• _Data for this exercise_:
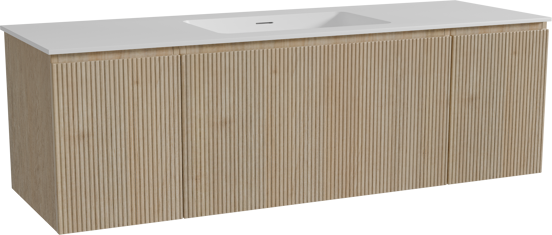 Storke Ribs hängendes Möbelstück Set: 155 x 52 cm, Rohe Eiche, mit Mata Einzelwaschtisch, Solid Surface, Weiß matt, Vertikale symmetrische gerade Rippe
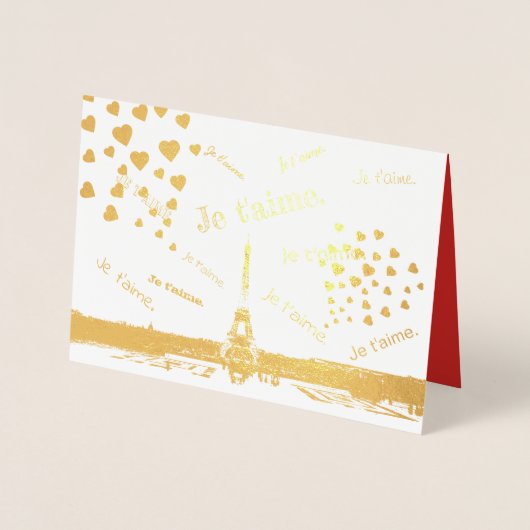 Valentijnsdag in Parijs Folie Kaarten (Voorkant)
---
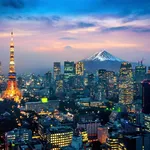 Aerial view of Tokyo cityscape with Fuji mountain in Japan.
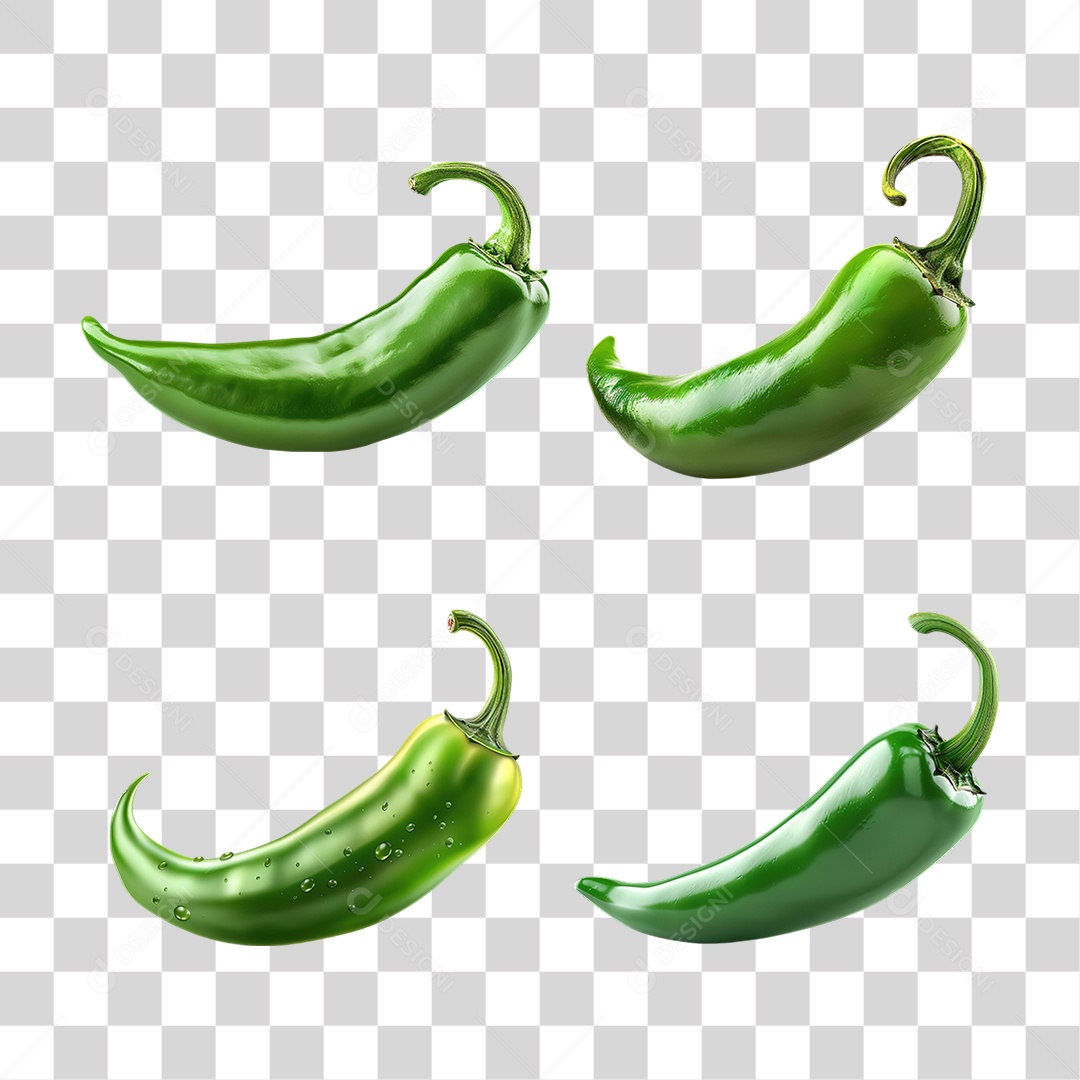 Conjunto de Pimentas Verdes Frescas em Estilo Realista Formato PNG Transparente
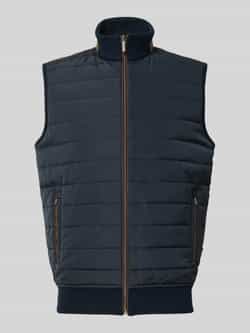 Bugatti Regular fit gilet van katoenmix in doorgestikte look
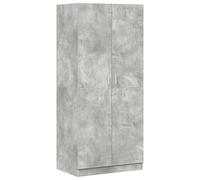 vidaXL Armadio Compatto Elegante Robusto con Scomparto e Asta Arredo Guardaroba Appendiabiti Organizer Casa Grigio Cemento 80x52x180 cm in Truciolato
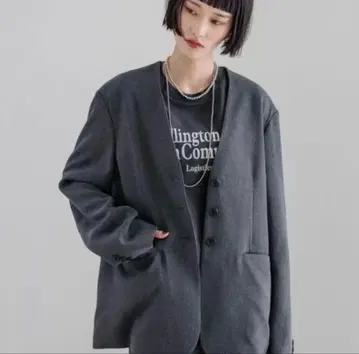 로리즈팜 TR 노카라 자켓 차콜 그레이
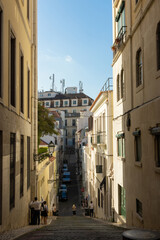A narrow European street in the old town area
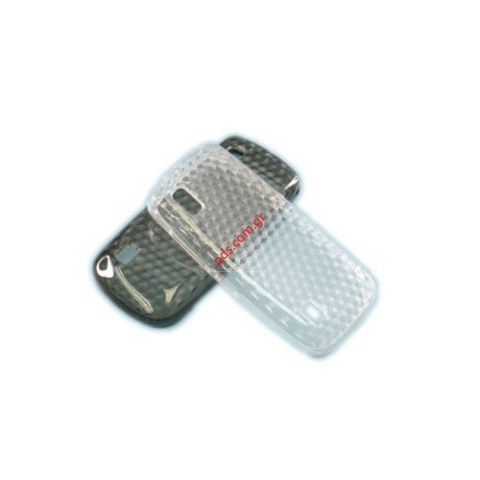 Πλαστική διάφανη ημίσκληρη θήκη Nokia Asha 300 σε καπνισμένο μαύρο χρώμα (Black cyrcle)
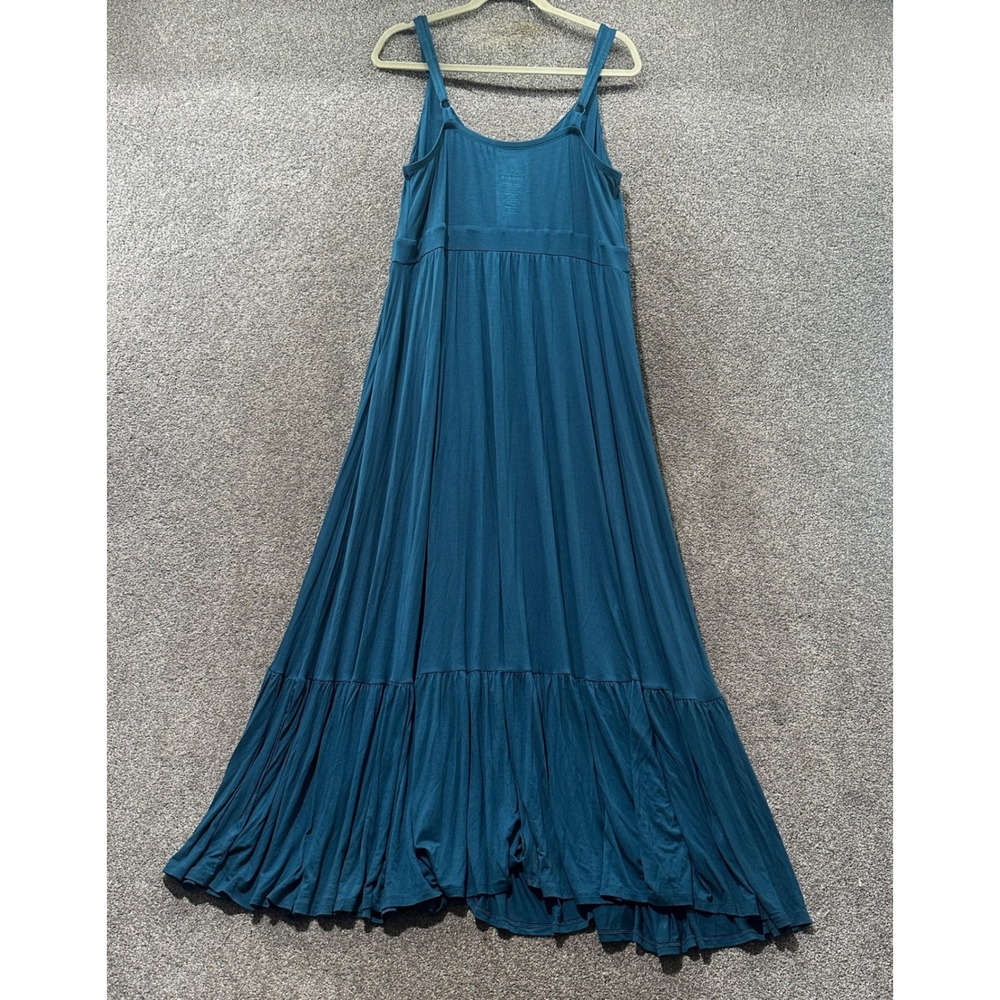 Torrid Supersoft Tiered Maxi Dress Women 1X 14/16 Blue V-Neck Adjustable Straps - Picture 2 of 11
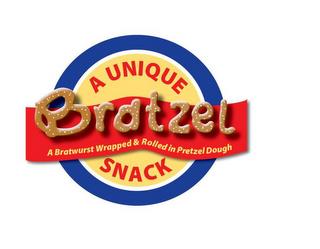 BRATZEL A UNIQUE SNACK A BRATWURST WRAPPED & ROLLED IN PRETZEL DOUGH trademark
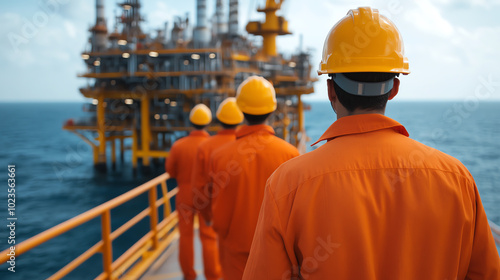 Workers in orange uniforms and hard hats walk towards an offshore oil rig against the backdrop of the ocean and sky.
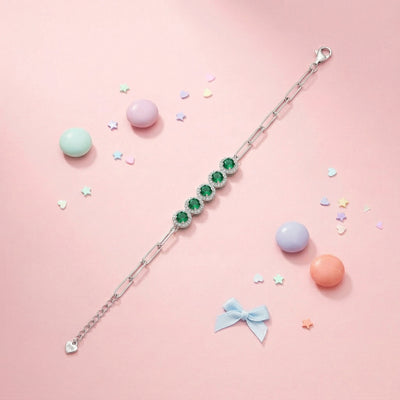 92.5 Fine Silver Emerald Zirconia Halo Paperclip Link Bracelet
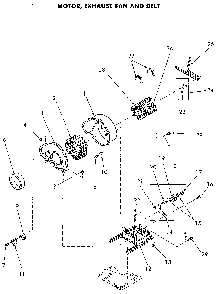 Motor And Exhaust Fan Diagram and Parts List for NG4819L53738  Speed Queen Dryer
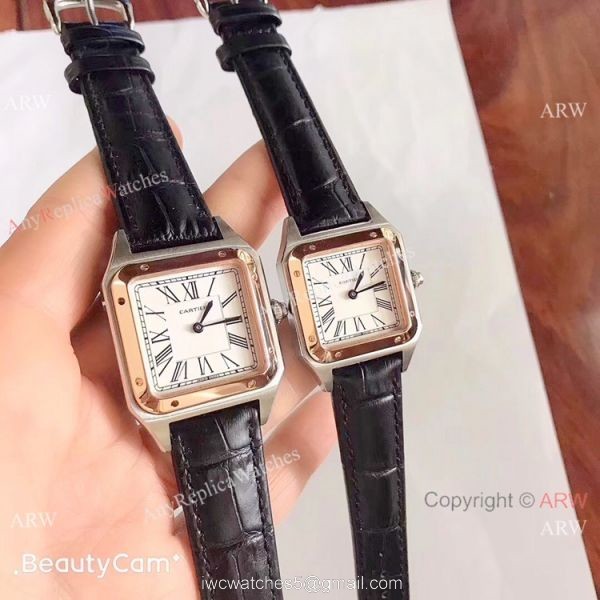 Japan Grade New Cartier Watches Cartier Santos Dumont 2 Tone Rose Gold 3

• _Aim of the task_:
An exact copy is needed of the entries above, starting at the line that holds "Storke Ribs hängendes" and stopping at the line that holds "Valentijnsdag in Parijs", both kept; pictures stay out.

• _Written solution_:
 Storke Ribs hängendes Möbelstück Set: 155 x 52 cm, Rohe Eiche, mit Mata Einzelwaschtisch, Solid Surface, Weiß matt, Vertikale symmetrische gerade Rippe
 Valentijnsdag in Parijs Folie Kaarten (Voorkant)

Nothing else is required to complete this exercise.